One of the important premises of object storage is that if your PutObject or multipart upload succeed, the entire object is atomically replaced. It is eventually consistent, so you may not immediately retrieve the just-uploaded object with GetObject, but you should see the new version eventually, and never see part of one version mixed with part of another. This should natively support compare-and-swap: "hey if the existing etag is what I expect, apply my change, otherwise ignore my change and tell me so". This has nothing to do with DynamoDB and is not reimplementing its feature set. It is just a natural extension of how the service already works (from an API consumer perspective, not necessarily an implementation perspective).

KaiserPro · on May 22, 2024

At scale?

transparent HA means that I can fail over services to other regions without having to get the programmers to think about it. Most of the busy work at scale is managing state or, more correctly recovering state from broken machines.

If I can make something else do that reliably, rather than engineer it myself, thats a win.

So much of the work of standing up a cluster (be it k8s or something else) is getting to the point where you can arbitrarily kill a datastore and it self heal.

If you're talking about s3 partial updates, its about cost/and or performance. If you dealing with megabyte chunks, and you want to flip a few bytes over hundreds of thousands, thats going to eat into transfer costs.

Sure you could chunk up the files even smaller, but then you hit into access latency (s3 aint that fast. )

cduzz · on May 23, 2024

I was referring to the notion that "failings" in the hypervisor layer like "hot swap, shared block storage, host movements, online backup/clone, live recovery, Highly available host failover" are a problem. At scale, I don't want my application to rely on any of that magic.
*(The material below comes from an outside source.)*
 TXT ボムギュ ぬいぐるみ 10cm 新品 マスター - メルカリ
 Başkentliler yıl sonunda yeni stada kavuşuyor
Reliability is always your problem not something to be punted to another layer of the stack that lets you pretend stuff doesn't go wrong.

KaiserPro · on May 23, 2024

> Reliability is always your problem

yup, which is why relying on devs to engineer it is a pain in the arse. Having online migration is such a useful tool to avoid accidental overloads when doing maintenance, its also a grat tool to have when testing config changes.
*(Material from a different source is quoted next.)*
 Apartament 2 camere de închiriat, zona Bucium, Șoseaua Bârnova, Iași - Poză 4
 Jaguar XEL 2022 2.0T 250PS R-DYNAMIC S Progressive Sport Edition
Currently I work at a place that has its own container spec and scheduler. This makes sense because we have literal millions of machines to manage. but thats an edge case.

For something like a global newspaper (when I used to work) it would be a massive overkill, we spent far too long making K8s act like a mainframe, when we could have bought one 20 times over, and still have change for a good party every week. or, just used hosted databases and liberal caches.

cduzz · on May 23, 2024

Oh sure -- for piddly enterprise nonsense, having some VM yeeting magic to HA a thing that's not HA is .... yeah, I guess. Ideally in combination with tested backups for when the HA magic corrupts instead of protects, but such is life.
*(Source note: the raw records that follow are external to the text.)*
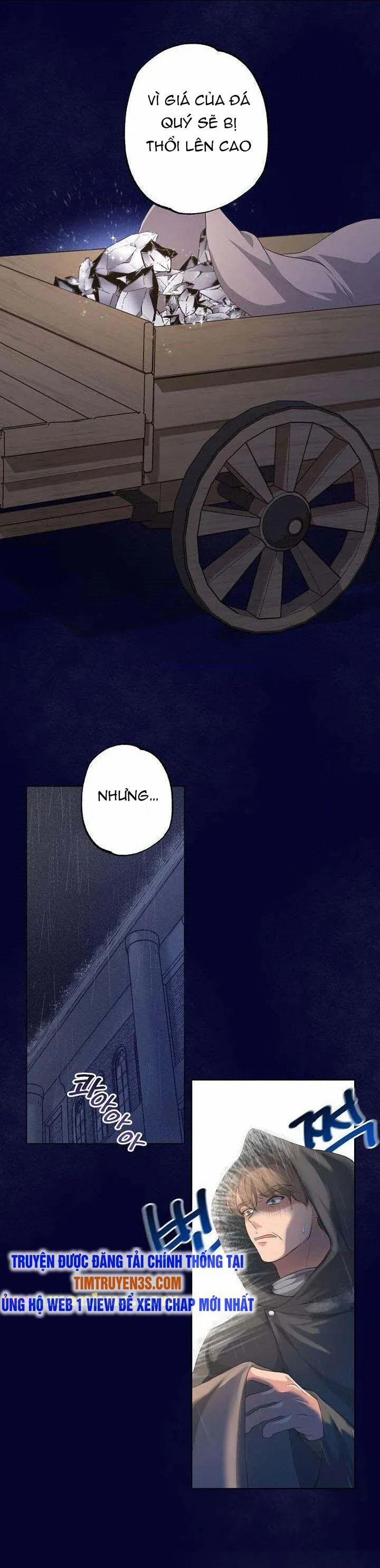 Đứa Trẻ Bảo Hộ Bóng Đêm 28 trang 17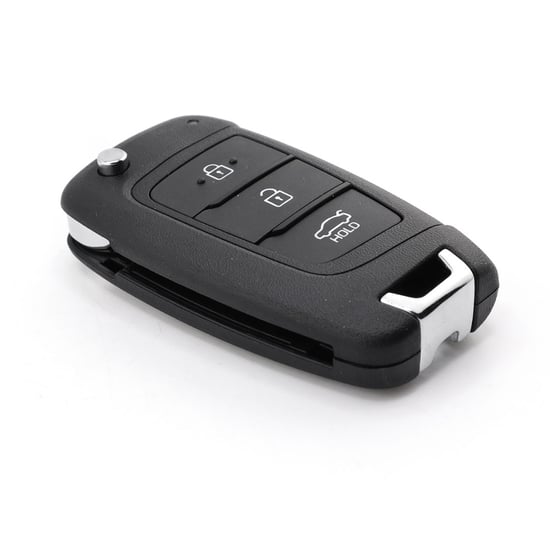 New-Hyundai-Elantra-2025-Genuine---OEM-Flip-Remote-Key-3-Buttons-433MHz-OEM-Part-Number:-95430-BU200,-95430BU200---Emirates-Keys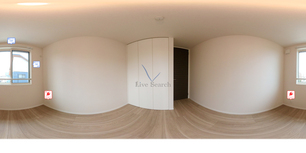 アルモニーテラス 101 【神奈川県川崎鶴見臨港バス「北寺尾」より徒歩4分】 の間取り図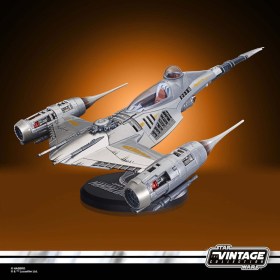 Starfighter The Mandalorian's N-1 Star Wars The Mandalorian Vintage Collection Vehicle by Hasbro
But that's not "at scale" that's just some great plains accounting app that's been dragged from one pickle jar to another.

KaiserPro · on May 23, 2024

a more canonical example:

In 2016 we had a 36k cluster. There was something like 2 PB of fast online storage, 48pb of nearline, and two massive tape libraries for backup/interchange.

The cluster was ephemeral, and could be reprovisioned automatically by netboot. However the DNS/DHCP + auth servers were on the critical pathway. So we dumped them on a VMware cluster to make sure that we could run them in as close to 100% as possible. Yes, they were replicated, but they were also running on separate HA clusters, with mirrored storage. This meant that if we lost both of them, we could within a few minutes run them directly from a snapshot, or if it was a catasrafuck reload the config from git.

Now we could have made our own DNS+dhcp server, and or kerberos/ldap/active directory. but that cost money and wasn't worth the time. Plus the risk of running your own with a small crew (less than 10 infra people) was way to high.

VMware was almost mainframe level of uptime, if you did it right.